In these SSS’s the gospel message was sort of watered down, made more palatable.  The music changed and was less 18th century and more 20th century.  Clerical robes were traded in for jeans and Hawaiian shirts.  The service was high energy and instead of preaching the lectionary, the preacher spoke short sermons about parenting and finances, from a biblical perspective of course.

In November 1995, Pastor Andy Stanley stood in front of a gathering of believers at a North Atlanta convention center and cast the vision for a new church. He said, "Atlanta does not need another church. What Atlanta does need is a safe environment where the unchurched can come and hear the life-changing truth that Jesus Christ cares for them and died for their sin." So began North Point Community Church, now the largest Church in North America with 33,000 people attending a campus each weekend.

And then Willow Creek and Saddleback and later, North Point all started to package the secret to their success and we ate up like a chocolate Sundae.  Just devoured it.  I mean, many churches refused to change and to this day have been doing the same thing for two hundred years, but a lot of us started our own seeker sensitive services in our small towns, suburbs and cities which focused on attracting the un-churched (our new designation for those who didn’t go to Church – I know… clever right?). 
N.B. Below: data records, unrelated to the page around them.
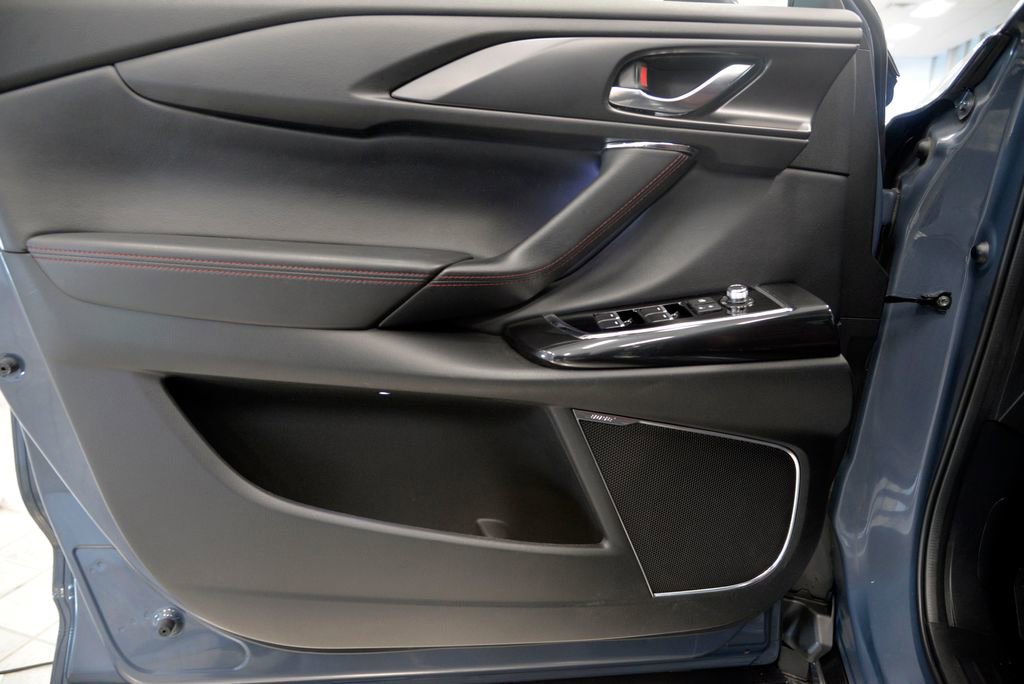 Used 2022 MAZDA CX-9 Carbon Edition image 14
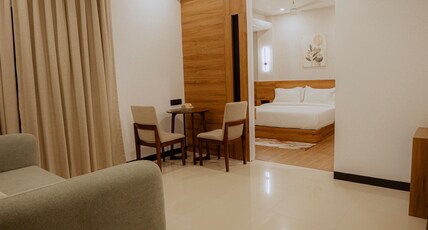Centurion Bliss Inn Hotel Room Type - Luxury Room with Small Bathtub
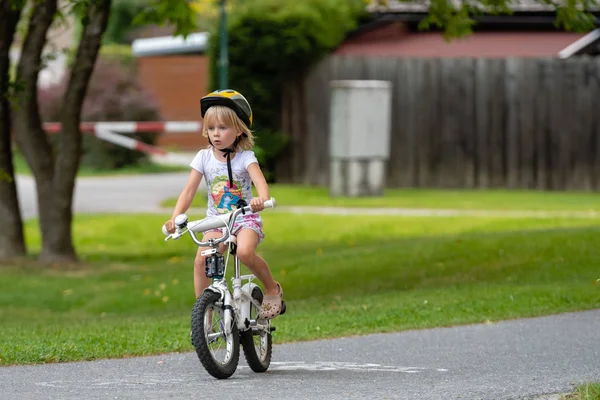 Werfen Austria Sierpnia 2018 Mała Dziewczynka Jeździ Rowerem Ścieżkach Park — Zdjęcie stockowe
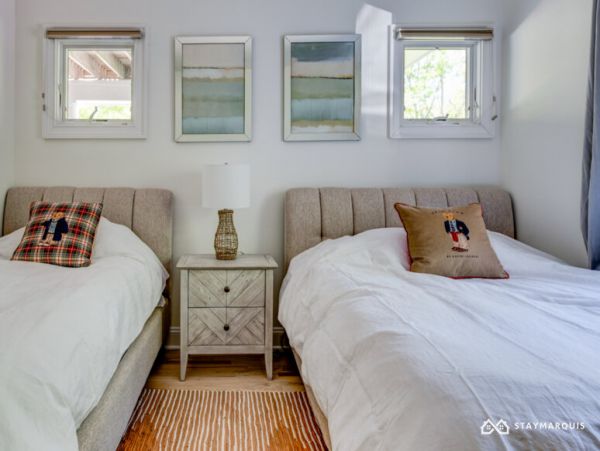 Hamptons Home 1020657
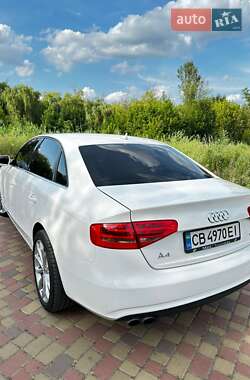 Седан Audi A4 2012 в Прилуках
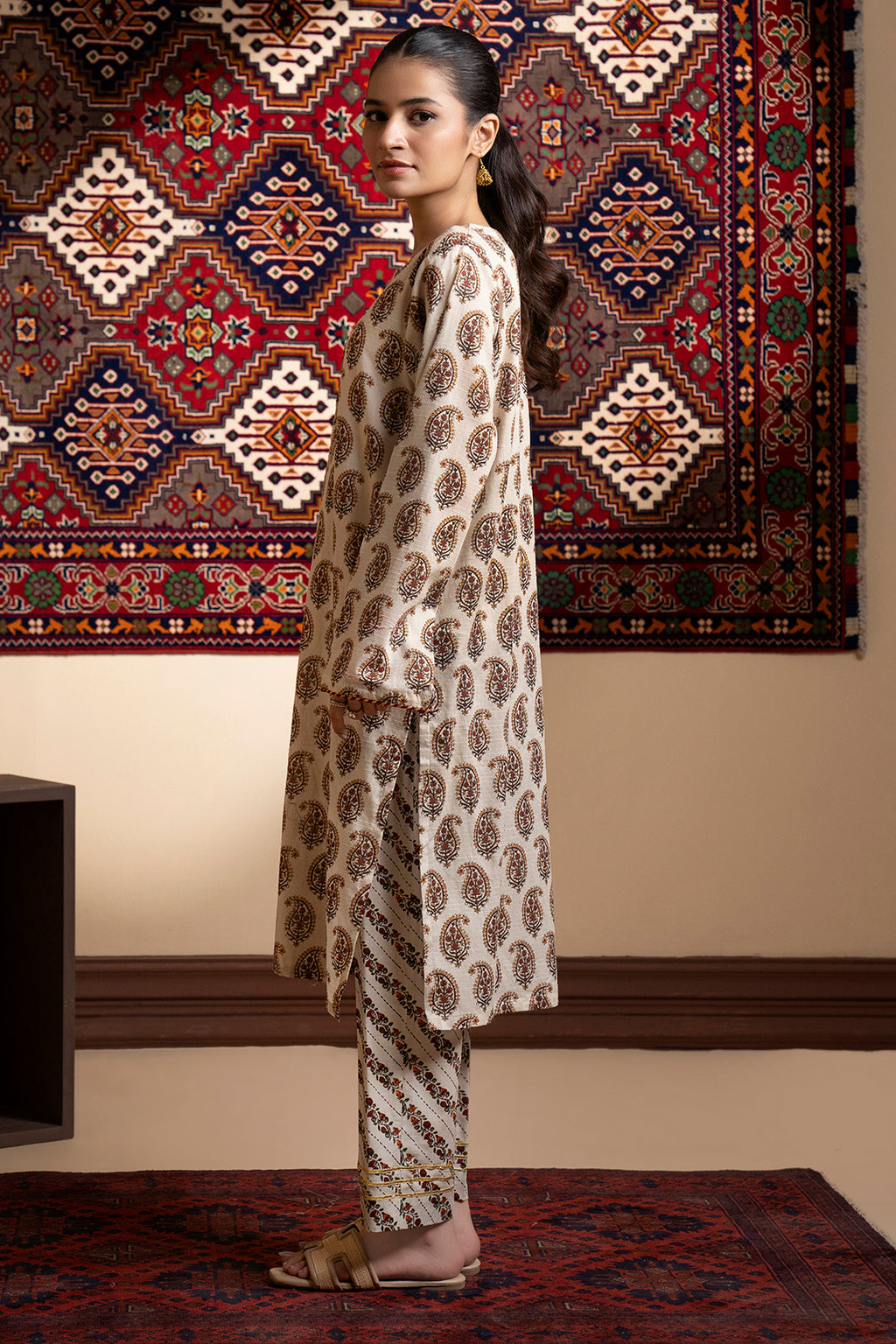 Embroidered Kurta Trouser - 3002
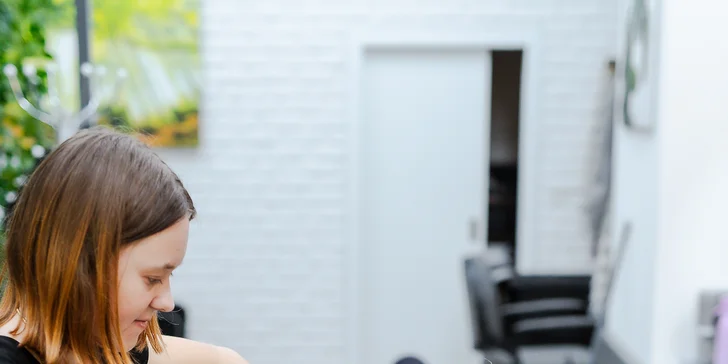 Regeneračné vlasové ošetrenia alebo presvetlenie vlasov pomocou Balayage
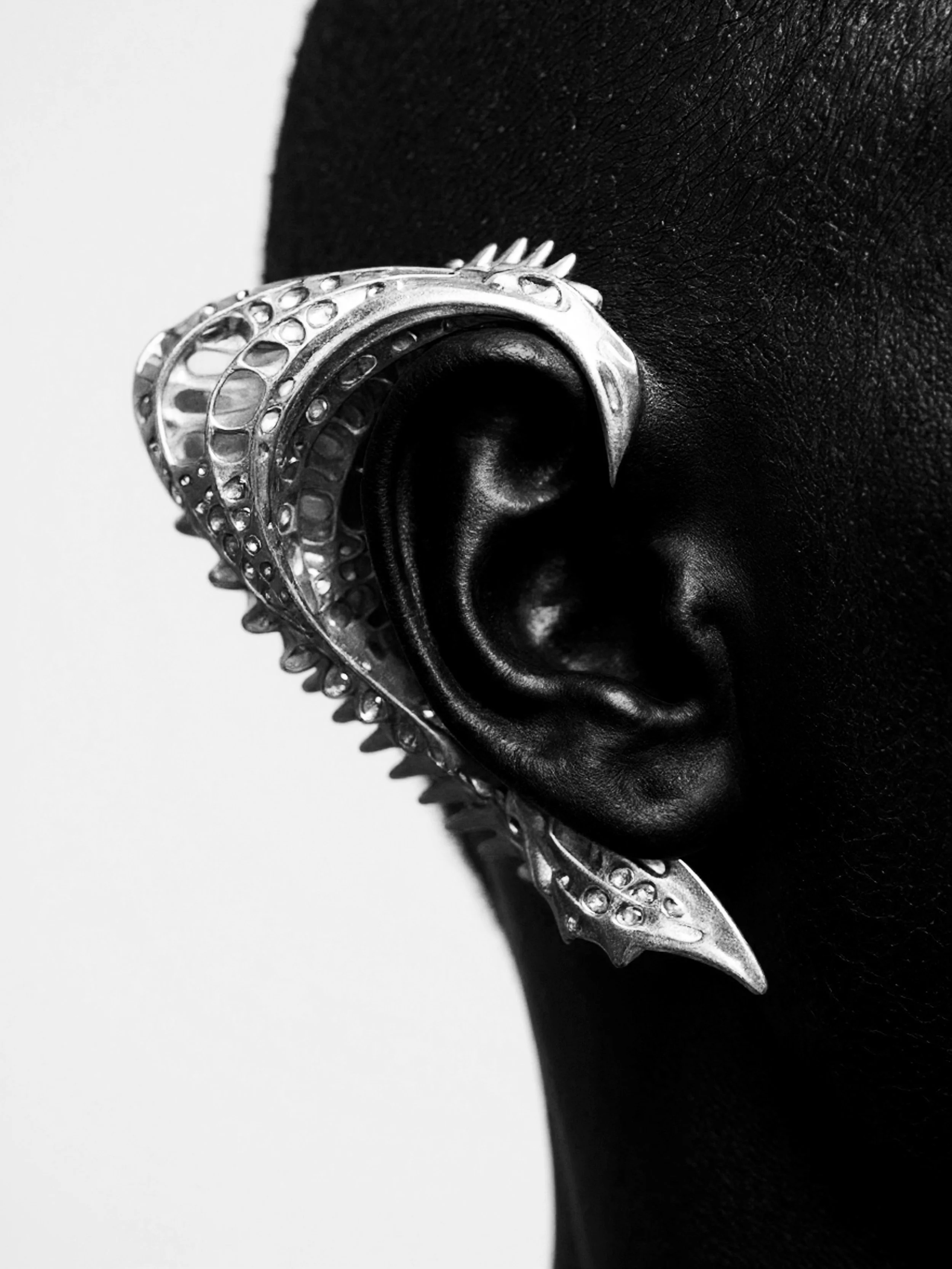 Weaver_EarCuff-06_2025_SterlingSilver_OneSize_£700.jpg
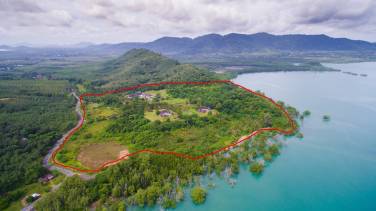 Ultra Luxurious Waterfront Estate in Phuket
All over North America overhead projectors complete with transparencies were now perched at the front of our sanctuaries, organists were being put out to pasture and praise teams were formed.  We sang rousing renditions of, “Shine Jesus Shine,” and “Shout to the Lord” as we smiled to ourselves broadly and waited for the masses to flock unto us.

But they didn’t.
 
I mean, some places experienced growth, but not all of us.  Not a lot of us.  Not most of us!  What happened?

You see we had fallen for an ideal that worked in some very specific contexts but didn’t work everywhere.  It turns out that God’s specific leading to specific people in specific places wasn’t necessarily universal.  Although the mega-churches down south would always warn people that their methods couldn’t always guarantee success in other demographics, they still held these huge conferences and spoke 99% of the time like it would.

And we believed it.

So we were heartbroken.  We worked so hard and prayed so much, and believed so deeply, for what?  To alienate the elderly who didn’t love the changes?  To spend money that yielded little in return?  To mobilize a congregation for growth only to watch it not happen and the people become disenchanted or even question their leadership’s ability to lead?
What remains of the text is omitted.